The Confederation consists of modern armies with millions of troops and nearly unlimited resources.

==Gameplay==
The gameplay revolves around fighting off large invading armies with a small elite group in an urban setting. Players must deploy defenses via an overhead construction interface and ensure their stronghold survives wave after wave of AI-controlled enemy soldiers without being overwhelmed. This scale of battle is achieved by combining real-time strategy construction with first-person combat to create the ultimate defense game. What makes Iron Grip: Warlord unique is that it mixes equal amounts of first-person shooting and real-time strategy elements. It uses a variety of weapons from the musket to flamethrowers to heavy machine guns.

==Distribution==

Iron Grip: Warlord is available through an independent distribution platform at ISOTX's online web-store. It is also available on Direct2Drive, GamersGate, Valve's Steam and Stardock's Impulse digital distribution platform.
On December 22, 2008, ISOTX released a major update, marketed as a "free expansion" entitled The Winter Offensive. It contains new units, a new level, and many other fixes.

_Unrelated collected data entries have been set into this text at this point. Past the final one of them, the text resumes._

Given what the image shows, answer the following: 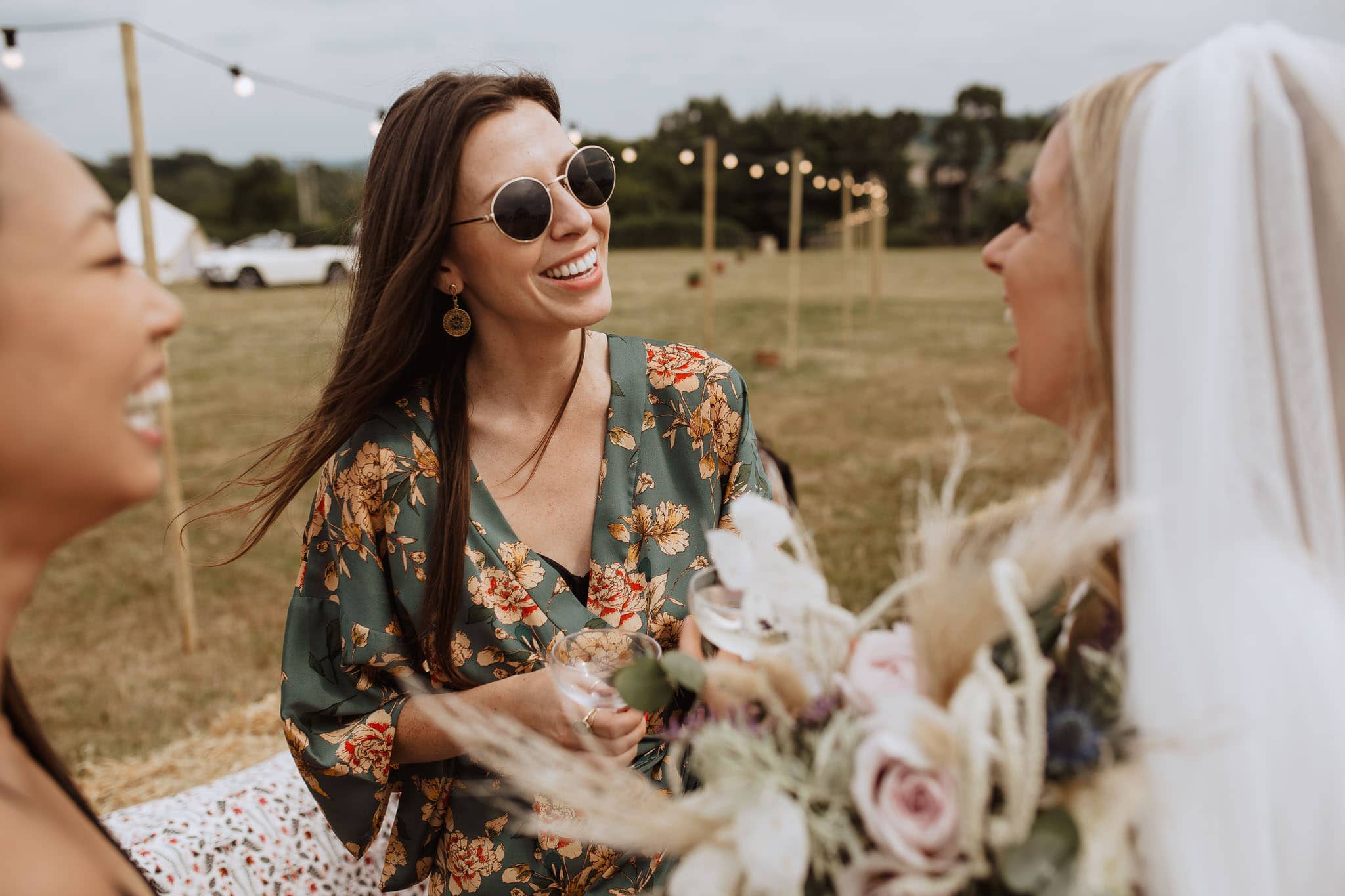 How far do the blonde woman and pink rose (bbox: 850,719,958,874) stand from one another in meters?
0.23

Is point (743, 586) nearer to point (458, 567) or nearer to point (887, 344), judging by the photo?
point (458, 567)

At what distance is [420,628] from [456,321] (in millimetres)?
796

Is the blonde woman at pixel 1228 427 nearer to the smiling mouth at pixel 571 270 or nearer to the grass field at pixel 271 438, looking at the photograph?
the grass field at pixel 271 438

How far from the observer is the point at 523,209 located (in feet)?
7.11

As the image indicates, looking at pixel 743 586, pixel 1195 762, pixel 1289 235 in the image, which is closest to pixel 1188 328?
pixel 1289 235

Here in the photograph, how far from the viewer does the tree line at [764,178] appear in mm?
34594

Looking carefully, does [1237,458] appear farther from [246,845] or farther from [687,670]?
[246,845]

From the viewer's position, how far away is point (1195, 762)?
102 cm

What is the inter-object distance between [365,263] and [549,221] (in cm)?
49

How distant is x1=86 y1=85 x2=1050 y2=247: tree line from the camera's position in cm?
3459

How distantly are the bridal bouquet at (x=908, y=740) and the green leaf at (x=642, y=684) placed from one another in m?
0.07

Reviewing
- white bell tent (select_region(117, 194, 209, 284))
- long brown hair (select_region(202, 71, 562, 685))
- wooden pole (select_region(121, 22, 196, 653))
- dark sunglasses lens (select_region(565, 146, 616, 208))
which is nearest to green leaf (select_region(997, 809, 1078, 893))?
long brown hair (select_region(202, 71, 562, 685))

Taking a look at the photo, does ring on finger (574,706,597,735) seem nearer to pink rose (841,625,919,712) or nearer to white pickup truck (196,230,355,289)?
pink rose (841,625,919,712)

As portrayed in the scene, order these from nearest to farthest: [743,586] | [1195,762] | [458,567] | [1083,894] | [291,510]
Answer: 1. [1083,894]
2. [1195,762]
3. [743,586]
4. [458,567]
5. [291,510] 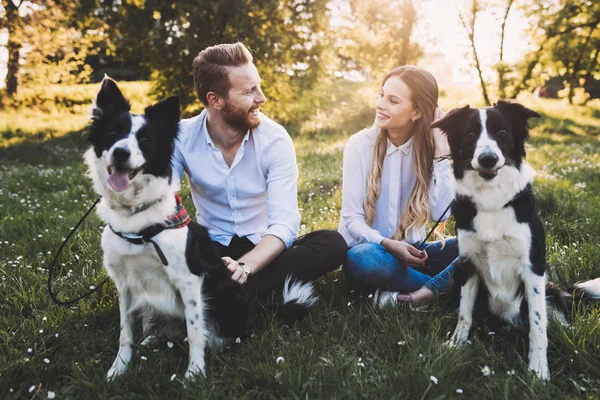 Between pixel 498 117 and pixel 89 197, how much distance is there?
18.9 ft

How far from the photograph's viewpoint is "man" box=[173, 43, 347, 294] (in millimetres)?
3209

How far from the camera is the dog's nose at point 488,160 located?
94.0 inches

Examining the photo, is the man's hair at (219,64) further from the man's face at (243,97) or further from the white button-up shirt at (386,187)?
the white button-up shirt at (386,187)

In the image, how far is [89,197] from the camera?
656 cm

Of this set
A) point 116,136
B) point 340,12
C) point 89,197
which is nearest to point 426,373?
point 116,136

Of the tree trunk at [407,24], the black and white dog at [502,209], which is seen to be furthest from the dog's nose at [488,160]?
the tree trunk at [407,24]

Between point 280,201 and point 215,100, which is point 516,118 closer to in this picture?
point 280,201

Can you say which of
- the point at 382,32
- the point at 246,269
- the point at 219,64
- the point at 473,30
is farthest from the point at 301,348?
the point at 473,30

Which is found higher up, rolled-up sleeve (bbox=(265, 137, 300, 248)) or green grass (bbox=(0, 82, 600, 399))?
rolled-up sleeve (bbox=(265, 137, 300, 248))

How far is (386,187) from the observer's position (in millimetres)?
3570

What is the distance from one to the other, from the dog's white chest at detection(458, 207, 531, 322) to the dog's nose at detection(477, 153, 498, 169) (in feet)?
0.99

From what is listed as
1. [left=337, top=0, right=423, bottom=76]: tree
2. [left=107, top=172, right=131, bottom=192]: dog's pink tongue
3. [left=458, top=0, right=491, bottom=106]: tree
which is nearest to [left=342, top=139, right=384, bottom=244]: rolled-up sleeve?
[left=107, top=172, right=131, bottom=192]: dog's pink tongue

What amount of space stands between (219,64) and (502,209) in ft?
6.77

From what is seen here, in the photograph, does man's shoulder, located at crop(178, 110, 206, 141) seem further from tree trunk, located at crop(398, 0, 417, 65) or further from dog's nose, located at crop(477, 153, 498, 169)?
tree trunk, located at crop(398, 0, 417, 65) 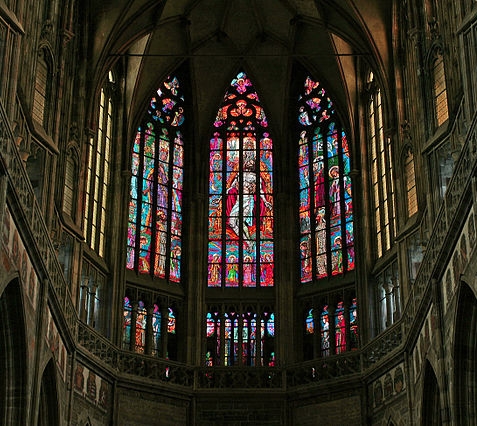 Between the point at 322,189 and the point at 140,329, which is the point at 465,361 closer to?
the point at 140,329

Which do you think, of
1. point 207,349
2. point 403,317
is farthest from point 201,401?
point 403,317

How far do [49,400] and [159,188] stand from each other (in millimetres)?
10953

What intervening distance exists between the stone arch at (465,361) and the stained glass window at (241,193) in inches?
522

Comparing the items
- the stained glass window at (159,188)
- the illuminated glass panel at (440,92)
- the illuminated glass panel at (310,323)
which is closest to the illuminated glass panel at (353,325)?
the illuminated glass panel at (310,323)

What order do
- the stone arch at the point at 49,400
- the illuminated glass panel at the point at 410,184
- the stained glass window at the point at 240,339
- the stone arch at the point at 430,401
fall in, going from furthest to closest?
→ the stained glass window at the point at 240,339, the illuminated glass panel at the point at 410,184, the stone arch at the point at 49,400, the stone arch at the point at 430,401

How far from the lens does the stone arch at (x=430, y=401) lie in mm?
25359

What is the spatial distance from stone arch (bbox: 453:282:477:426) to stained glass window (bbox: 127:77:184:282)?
1394 cm

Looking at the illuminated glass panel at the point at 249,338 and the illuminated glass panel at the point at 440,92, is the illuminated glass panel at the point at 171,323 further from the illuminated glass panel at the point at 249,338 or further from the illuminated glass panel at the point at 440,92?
the illuminated glass panel at the point at 440,92

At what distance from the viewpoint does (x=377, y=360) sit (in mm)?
30000

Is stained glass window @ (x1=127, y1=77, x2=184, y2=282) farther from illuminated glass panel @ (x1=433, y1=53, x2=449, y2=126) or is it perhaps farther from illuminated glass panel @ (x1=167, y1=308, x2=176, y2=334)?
illuminated glass panel @ (x1=433, y1=53, x2=449, y2=126)

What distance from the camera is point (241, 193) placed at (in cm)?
3597

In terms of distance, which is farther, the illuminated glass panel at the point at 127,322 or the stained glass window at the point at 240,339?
the stained glass window at the point at 240,339

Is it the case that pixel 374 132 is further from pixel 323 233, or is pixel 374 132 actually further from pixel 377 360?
pixel 377 360

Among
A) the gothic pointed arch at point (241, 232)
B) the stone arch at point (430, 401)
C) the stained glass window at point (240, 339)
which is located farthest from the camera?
the gothic pointed arch at point (241, 232) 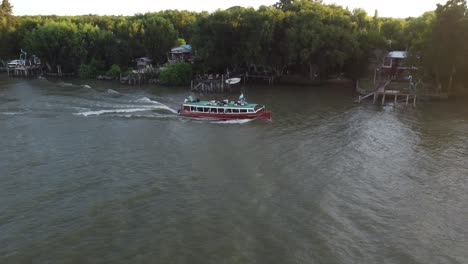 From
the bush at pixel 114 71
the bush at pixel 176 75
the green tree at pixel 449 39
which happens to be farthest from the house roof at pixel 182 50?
the green tree at pixel 449 39

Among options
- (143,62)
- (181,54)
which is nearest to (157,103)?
(181,54)

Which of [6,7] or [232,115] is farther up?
[6,7]

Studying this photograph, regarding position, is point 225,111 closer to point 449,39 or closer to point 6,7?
point 449,39

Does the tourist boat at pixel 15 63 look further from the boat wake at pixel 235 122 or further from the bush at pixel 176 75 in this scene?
the boat wake at pixel 235 122

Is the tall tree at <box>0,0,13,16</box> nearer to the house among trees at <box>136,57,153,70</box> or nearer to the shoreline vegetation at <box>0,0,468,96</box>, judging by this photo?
the shoreline vegetation at <box>0,0,468,96</box>

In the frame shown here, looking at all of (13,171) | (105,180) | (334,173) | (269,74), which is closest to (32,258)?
(105,180)

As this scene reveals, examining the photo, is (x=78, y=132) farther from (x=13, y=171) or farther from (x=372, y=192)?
(x=372, y=192)

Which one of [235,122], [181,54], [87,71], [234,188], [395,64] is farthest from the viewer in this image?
[87,71]

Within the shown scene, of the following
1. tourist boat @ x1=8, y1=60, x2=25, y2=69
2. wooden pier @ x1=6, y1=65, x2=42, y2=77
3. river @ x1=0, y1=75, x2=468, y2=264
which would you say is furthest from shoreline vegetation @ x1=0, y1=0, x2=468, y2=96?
river @ x1=0, y1=75, x2=468, y2=264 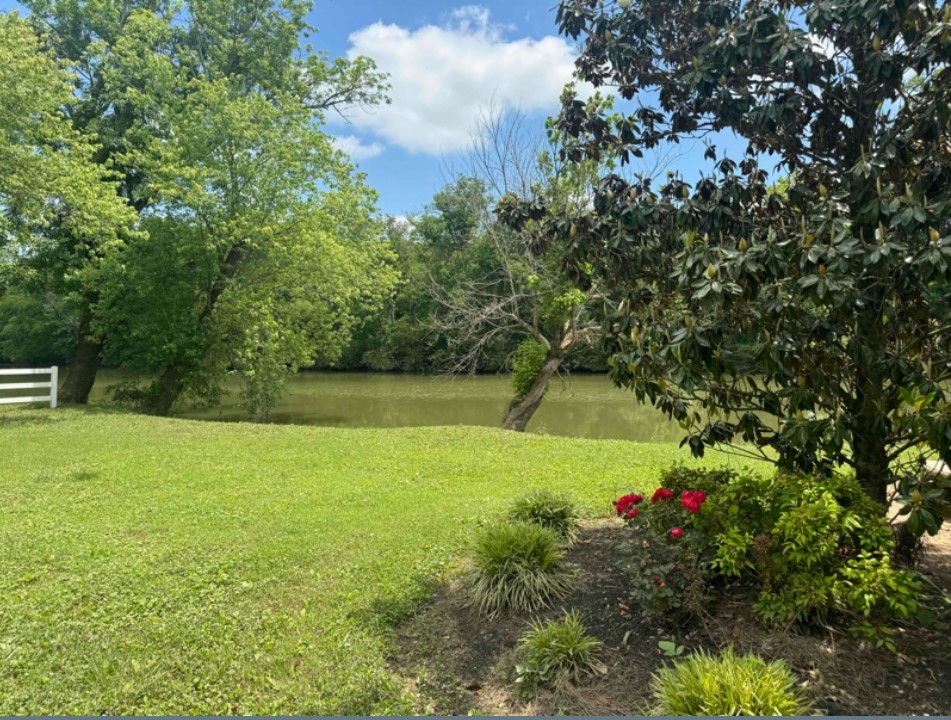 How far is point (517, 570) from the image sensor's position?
3598 mm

A demo has been released, which offers one map, on skirmish, LAN or on the internet.

==Development==

The game is developed by ISOTX, previously known for their "MidEast Crisis" mod for C&C
Generals and Iron Grip: The Oppression, a total conversion mod for Half-Life 2 (HL2). Both are still available on the
developers' site at www.isotx.com. A sequel to the MidEast Crisis mod called MidEast Crisis 2 has been developed for "Command & Conquer 3: Tiberium Wars", and ISOTX are currently working on the free to play strategy game Iron Grip: Marauders.

Iron Grip: Warlord was released on November 5, 2008.

==Reception==

Iron Grip: Warlord was released to generally mixed reviews currently holding an aggregate score of 59% based on 4 reviews at Metacritic. IGN gave the game a 4.5/10, with the headline "Lay down your weapons – this one's not worth fighting for." Much of the criticism from IGN was centered on the game's execution, particularly the lack of balance in the RTS mode, as well as the AI and unsatisfactory pathfinding.

Smaller resources, like Games Abyss, found the game much more satisfactory, offering praise for the unique concept and the execution from an independent gaming company's first commercial title. Andreas Asimakis of Games Abyss said of the game, "If Iron Grip: Warlord is any indication, Isotx should be considered a creative force to be reckoned with. Delivering the best aspects of first person shooters and blending the experience with RTS elements has made for an amazing combination. Iron Grip is nothing but simple fun and players wanting a distraction from those prettier and more expensive titles should make it a point to purchase Iron Grip."

Similar praise and commentary came from Gamers Daily News, which rated the game with a 9.0 overall. "The Iron Grip series may bring about some change in the gaming community that, for the better, will introduce a new type of game that caters, not only to the people who want to run and gun, but to those gamers who want something with a little more meat than your average first person shooter."

Destructoid gave the game a 6.0, saying that while the single-player mode was "more of a chore than any kind of fun," the multiplayer mode "is really quite solid."